Certo, tutto nel suo teatro - recitazione, coreografie, musiche, danze, luci, effetti speciali, - è frutto di una minuziosa analisi chimica di fatti inconsci e rituali religiosi; tutto è essenziale, rigoroso e perfetto, come uno spartito musicale, come un’equazione matematica, e noi stiamo a guardare a bocca aperta questa sorta di scatola magica che è il teatro, e capiamo, - forse - in quel momento che abbiamo bisogno di nutrirci dell’arte, abbiamo bisogno del teatro, abbiamo fame e sete di queste cose, la stessa che hanno loro.
Parliamo della sua genialità, ma anche della sua schizofrenia.
“Maestro, aveva detto Garboli che lei si insedia al centro del teatro come al centro della propria pazzia, della propria e di quella degli altri; per metà è interamente sano e per l’altra metà completamente psicotico, è come una mela spaccata in due “.
Sorvola sulla genialità, ma ammette che sì, un po’ di schizofrenia in lui c’è, ma non guasta, nell’attore è un fatto naturale, basta incanalarla, controllarla. Sembra un po’ Pasolini – m’aveva detto un amico. In effetti, sia nella voce, che nei tratti somatici, Eugenio Barba ha qualcosa di Pasolini. Ma è un Pasolini diverso, più semplice, più completo, più diretto, con una capacità di dominio psicologico sugli altri che è vissuta come vocazione fatale. Barba ha un carisma e un magnetismo straordinario, un fascio di energia, una forza esplosiva e controllata, una buia luminosità, una magìa che inquieta, una potere infallibile di fascinazione , come ammette il suo allievo e regista Pino Di Buduo, che lo accompagna.
Gli chiedo, poi, se è vero che aveva dichiarato che a Gallipoli non ci avrebbe mai più messo piede, e non perché avesse qualcosa contro la sua città natìa, ma semplicemente perché non aveva tempo per andare in giro per diporto. ”La mia città è dove c'è gente che mi accoglie, che si interessa alla mia arte, che mi ascolta”, questo avrebbe dichiarato.
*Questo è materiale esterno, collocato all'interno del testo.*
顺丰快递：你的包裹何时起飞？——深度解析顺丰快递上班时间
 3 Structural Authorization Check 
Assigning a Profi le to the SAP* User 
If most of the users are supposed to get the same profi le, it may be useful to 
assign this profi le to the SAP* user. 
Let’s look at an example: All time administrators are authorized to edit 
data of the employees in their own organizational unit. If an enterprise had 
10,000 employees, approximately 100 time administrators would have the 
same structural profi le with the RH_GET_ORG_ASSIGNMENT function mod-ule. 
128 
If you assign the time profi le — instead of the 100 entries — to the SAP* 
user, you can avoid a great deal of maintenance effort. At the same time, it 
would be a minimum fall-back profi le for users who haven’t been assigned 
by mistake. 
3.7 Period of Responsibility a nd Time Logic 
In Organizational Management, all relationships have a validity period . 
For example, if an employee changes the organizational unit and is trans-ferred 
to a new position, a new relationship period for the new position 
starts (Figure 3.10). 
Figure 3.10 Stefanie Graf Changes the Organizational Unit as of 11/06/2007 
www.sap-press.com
Conferma che è tutto vero e se non fosse stato per il cugino, il Ministro Rocco Buttiglione, altro gallipolino doc, che ha sostenuto questa operazione, a Gallipoli col suo teatro non ci sarebbe tornato. “Le città, per belle che possano sembrare, non hanno un’anima. Hanno persone, alcune indifferenti ed amorfe. Altre gonfie del loro ruolo. O perse nelle illusioni del campanilismo. Ed altre ancora con fame e sete spirituali. Per cercare ed incontrare queste ultime il mio teatro fa le sue irruzioni”. E spesso ci riesce, perché Eugenio Barba ha una grande carica d’umanità. E’ così difficile nel nostro tempo – disse qualcuno – incontrare un uomo che quando lo si incontra si resta colpiti come la folgore di un prodigio. E Barba è soprattutto questo, un uomo.